Hi, I don't think Win XP will set up a partition for you, you would have to obtain a program like I did called "Partition Magic" to do it for you. I think since your wondering about a partition, that you too want to install Win XP in the same way that i'm gonna were it will not touch what OS you already use...

I'm sure one of the other (XP Experienced) senior members here will be able to tell you in greater detail, since I'm still about to try this for myself.


----------



## brindle (Jun 14, 2002)

I have been leary of installing it cause I don't want to lose 98se. I can partition c myself but am lost after that. Hope you get many more responces to this post, many I assuse are interested..thanks for your reply.
brett


----------



## Wogster (Jan 16, 2003)

Hi Brindle,
I've partitiioned my old HDD (a smaler 8 gig), but never the one I'm presently using, I too am capable of that. I have a 15 gig now, I wish it was bigger but it's all my MB can handle. I was told that I should split it up into 3 equal drives...

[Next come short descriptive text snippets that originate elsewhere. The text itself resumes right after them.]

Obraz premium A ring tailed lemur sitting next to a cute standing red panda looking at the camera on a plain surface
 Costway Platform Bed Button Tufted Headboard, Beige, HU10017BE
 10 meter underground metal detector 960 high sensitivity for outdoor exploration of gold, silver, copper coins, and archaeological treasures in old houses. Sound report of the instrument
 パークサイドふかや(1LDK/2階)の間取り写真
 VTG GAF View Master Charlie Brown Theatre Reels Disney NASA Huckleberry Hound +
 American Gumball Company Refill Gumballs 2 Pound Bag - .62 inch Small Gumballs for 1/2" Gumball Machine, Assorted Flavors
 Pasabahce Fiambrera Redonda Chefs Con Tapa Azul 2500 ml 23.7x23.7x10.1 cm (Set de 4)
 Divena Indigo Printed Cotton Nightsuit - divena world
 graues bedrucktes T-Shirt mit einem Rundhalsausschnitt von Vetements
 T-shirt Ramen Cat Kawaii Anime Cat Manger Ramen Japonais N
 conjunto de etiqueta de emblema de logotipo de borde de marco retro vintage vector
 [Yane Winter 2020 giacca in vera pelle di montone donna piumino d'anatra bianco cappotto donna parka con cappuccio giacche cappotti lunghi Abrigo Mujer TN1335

C 5 gigs for Win98 (Not loosing any existing files).

D 5 gigs for Win XP Pro (a new full install).

E 5 gigs for files only (which the 2 can share)
Programs and stuff.

Your cd-rom, dvd-rom, burner or whatever will carey it drive letter after these.... E:, F:, G:, etc...etc. Just make sure you have backed up all your existing files (recovery disk), before proceeding. I will probley do all mine during the March break, I'll have more time there as.

I too was scared to upgrade my Win98, in fear of messing up what is already a stable OS for me too. I would suppose once you have partitoned number 3, you should transfer your original files from number 1 to drive E: and excecuting them from the new OS after boot-up. Hope this will help you too.

Wogster.


----------



## Del (Aug 31, 2001)

XP will not partition your HDD. After you have it partitioned, you run the XP c.d. and Choose advanced, then you will see where it will allow you to tell it what drive to install on. You select D if you have one o/s running on C.
If will install on D and when you boot up, you'll get a menu showing windows or Win xp to boot to.


----------



## brindle (Jun 14, 2002)

well that couldn't be easier, thanks Del


----------



## Corrosive (Jan 9, 2003)

To Wogster:

Do you mean the camera icon? If you uploaded a photo to your profile, clicking on it will bring up a pic of the user. That's me aged about 5 or 6...


----------



## Wogster (Jan 16, 2003)

A friend offered to lend me his Win XP, so that I could try it, without buying it... It's Win XP Pro, will I run into any trouble if I use his rather then going out and buying my own copy? I don't really know anything about XP, so that's why I'd rather try it first and see... what do you think I should do?


----------



## Wogster (Jan 16, 2003)

I would buy my own copy of it, if it pans out to be a good OS like my Win98. 

I also here (in here), that there's more then one version of Win98, how do I upgrade to the other version, and is it better in anyway?


----------



## Del (Aug 31, 2001)

I had Win98, when ME came out, I tried it and it didn't impress me at first.
I have run ME for 3 years and maybe, just maybe, had 2 system crashes.
Now I have ME, 2000 Pro and XP on a triple boot, still use ME more then any.


----------



## Wogster (Jan 16, 2003)

Thats very Bizzare my friend... it was completely the opposite for me. When ME first came on the market, I ran out and bought a copy thinking it would be far better than 98, I installed it and had nothing but problems for two weeks... I finaly got fed up with it and passed it over to my Dad at his house, he also ran it for a while and had troubles with programs not running propperly. Yet I have a friend at work the love it (like you), and stills runs it and Win XP. So I'm not knocking ME, but it never worked for me.


----------



## Del (Aug 31, 2001)

Seems to depend on what hardware and other software you are running..


----------